What you will do
For the records below, output word for word the lines from the one with "Book cover for" up to and including the one with "to accept yourself". No pictures.

** Opening Recorded data block **

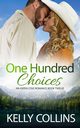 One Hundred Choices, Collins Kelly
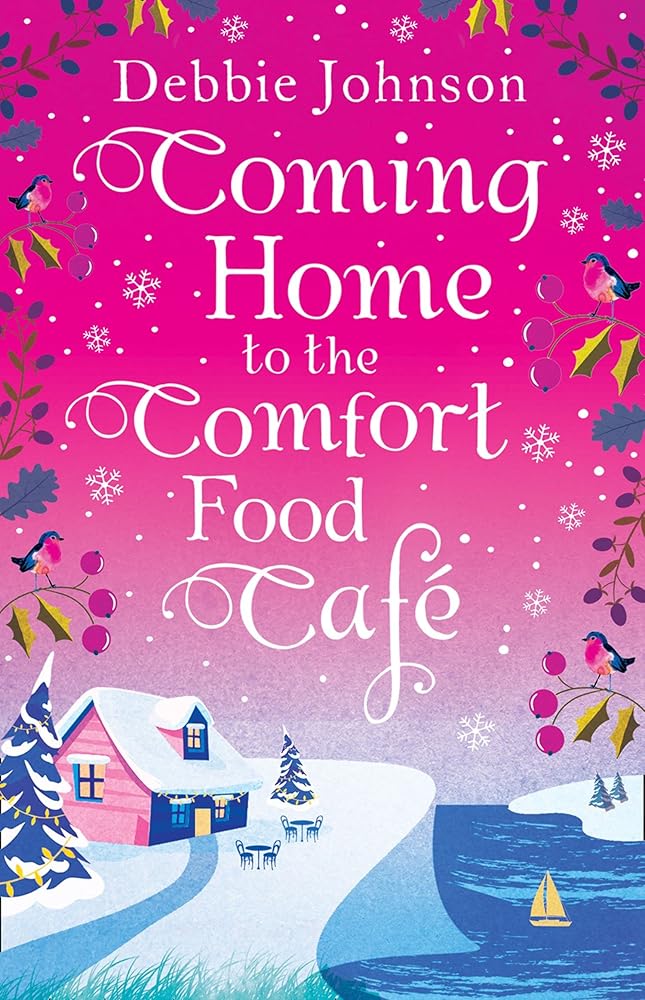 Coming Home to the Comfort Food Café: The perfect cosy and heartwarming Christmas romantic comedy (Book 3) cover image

** Closing Recorded data block **
** Opening Recorded data block **

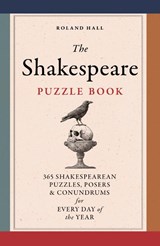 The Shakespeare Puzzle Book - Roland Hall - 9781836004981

** Closing Recorded data block **
** Opening Recorded data block **

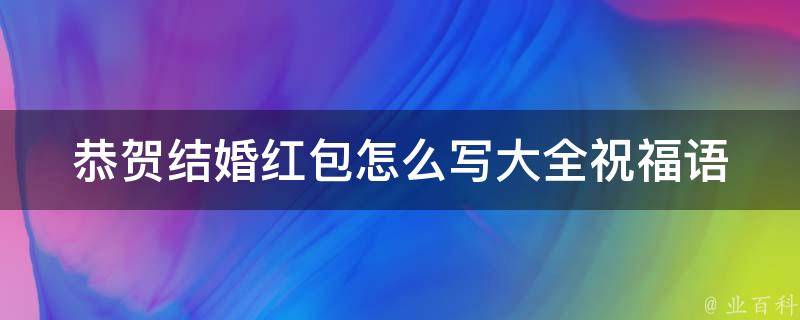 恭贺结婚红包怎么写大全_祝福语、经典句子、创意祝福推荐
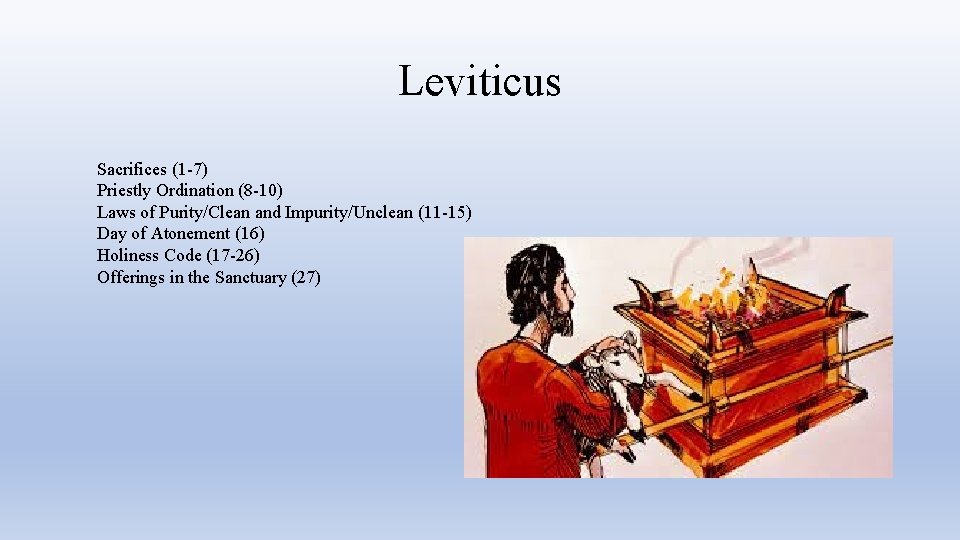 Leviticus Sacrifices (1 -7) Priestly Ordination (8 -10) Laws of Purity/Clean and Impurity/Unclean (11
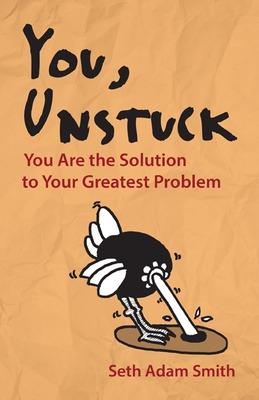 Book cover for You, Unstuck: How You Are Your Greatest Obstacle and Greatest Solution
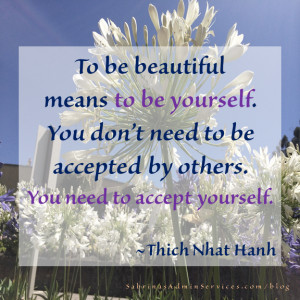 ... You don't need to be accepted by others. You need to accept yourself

** Closing Recorded data block **

Answer area
 Book cover for You, Unstuck: How You Are Your Greatest Obstacle and Greatest Solution
 ... You don't need to be accepted by others. You need to accept yourself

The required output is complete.